- _RECORDS TO PROCESS_
^^^^

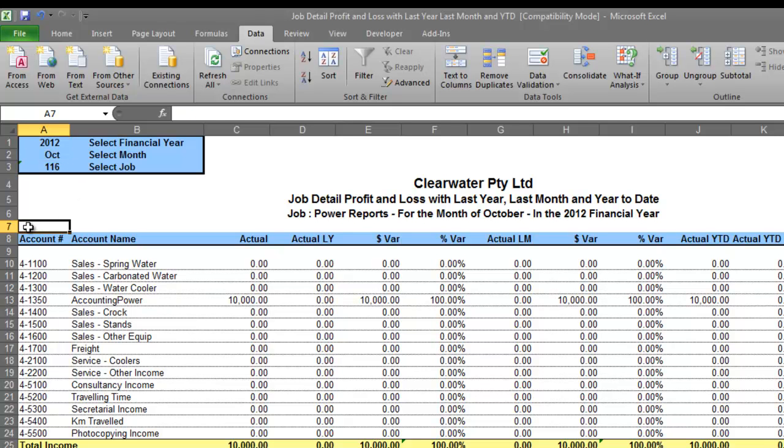Reports like this make it dead easy for you to create your month end reports. And you can actually create and modify reports yourself — you're not limited to a reporting system that's locked down. You can create reports for yourself or modify the templates that come with the system. If you'd like more information, just jump on over to accountingpower.com.au and you can have a look at one of the webinars that are frequently available. We'll catch up with you later.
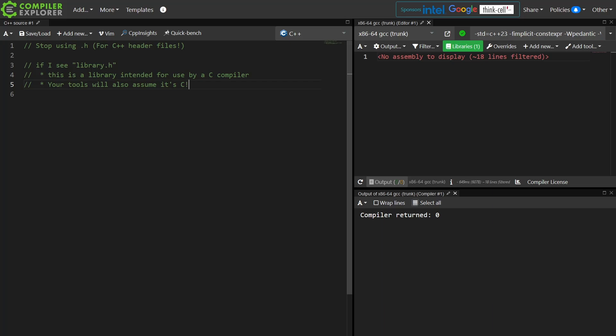Those are my two main points for why if I see .h I can't make any useful assumptions about this thing.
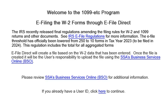Welcome to the 1099 ETC program. This tutorial covers e-filing the W-2 forms using e-file direct.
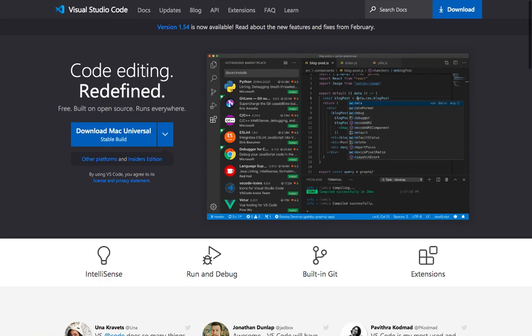But if you have any IDE that you used to use, then use it and don't use Visual Studio Code. The most important thing is that you use an IDE or text editor that you feel comfortable coding with.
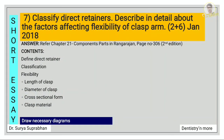Classify direct retainers and describe in detail the factors affecting flexibility of clasp arm. First define what is direct retainer. As mentioned before, there are six main factors of which one is flexibility. Under flexibility there are four subheadings: length of clasp, diameter of clasp, cross-sectional form, and clasp material. Draw the necessary diagrams.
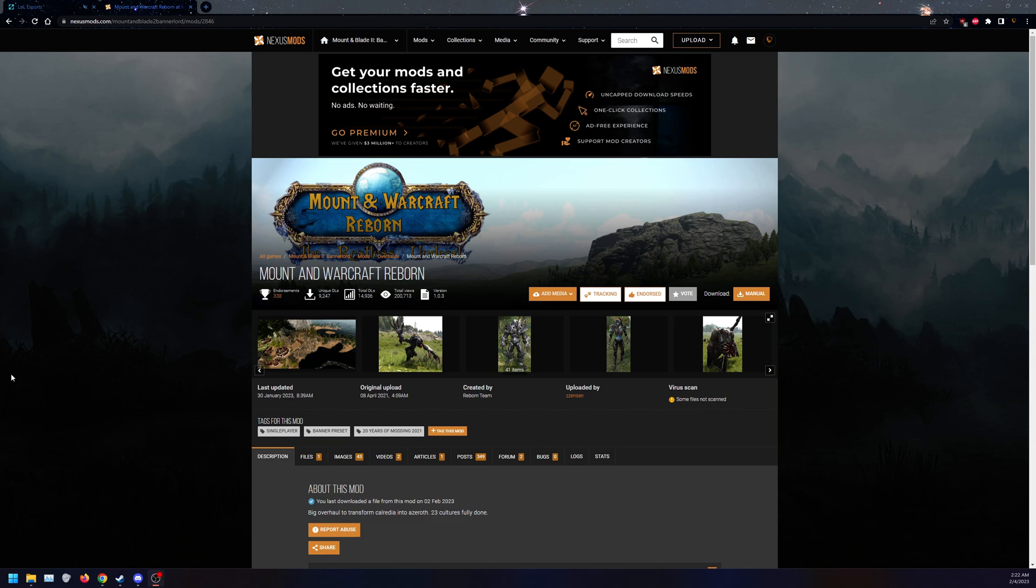Hello everyone, this is the installation tutorial for Mountain Warcraft Reborn. There's going to be a few things that we need, but I'll quickly show you.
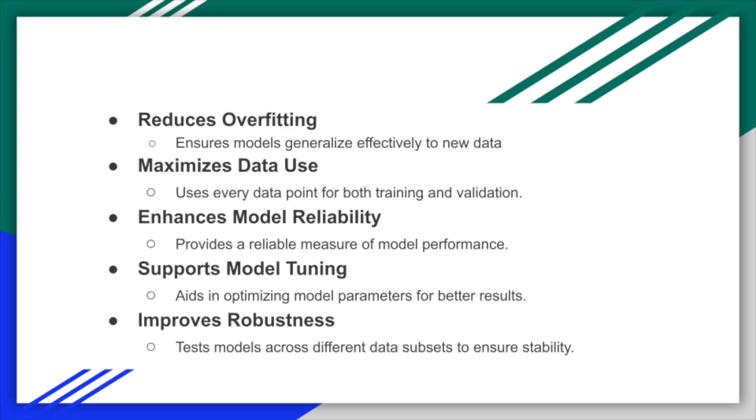As we wrap up our journey through cross-validation, let's briefly revisit what we've learned today. Cross-validation is a critical technique in machine learning that helps prevent overfitting, and ensures that your model performs well on unseen data. We've seen how it systematically uses different subsets of the dataset,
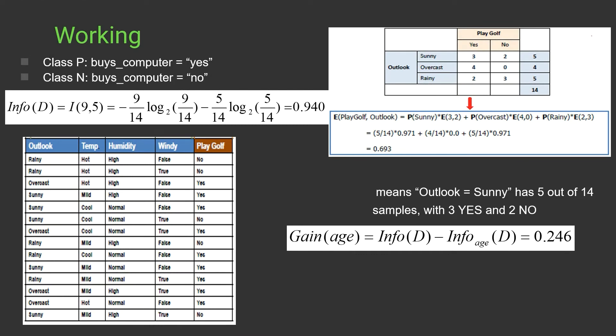This is our dataset. Now we have to prepare our decision tree. First, we have to calculate the gain for parameter outlook, for temperature, for humidity, and for wind — to determine on which parameter we should split our decision tree.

^^^^

- _WHAT YOU WILL DO_
Your copy should hold each line above exactly and no pictures at all.

- _ANSWER TO THIS EXERCISE_
Reports like this make it dead easy for you to create your month end reports. And you can actually create and modify reports yourself — you're not limited to a reporting system that's locked down. You can create reports for yourself or modify the templates that come with the system. If you'd like more information, just jump on over to accountingpower.com.au and you can have a look at one of the webinars that are frequently available. We'll catch up with you later.
Those are my two main points for why if I see .h I can't make any useful assumptions about this thing.
Welcome to the 1099 ETC program. This tutorial covers e-filing the W-2 forms using e-file direct.
But if you have any IDE that you used to use, then use it and don't use Visual Studio Code. The most important thing is that you use an IDE or text editor that you feel comfortable coding with.
Classify direct retainers and describe in detail the factors affecting flexibility of clasp arm. First define what is direct retainer. As mentioned before, there are six main factors of which one is flexibility. Under flexibility there are four subheadings: length of clasp, diameter of clasp, cross-sectional form, and clasp material. Draw the necessary diagrams.
Hello everyone, this is the installation tutorial for Mountain Warcraft Reborn. There's going to be a few things that we need, but I'll quickly show you.
As we wrap up our journey through cross-validation, let's briefly revisit what we've learned today. Cross-validation is a critical technique in machine learning that helps prevent overfitting, and ensures that your model performs well on unseen data. We've seen how it systematically uses different subsets of the dataset,
This is our dataset. Now we have to prepare our decision tree. First, we have to calculate the gain for parameter outlook, for temperature, for humidity, and for wind — to determine on which parameter we should split our decision tree.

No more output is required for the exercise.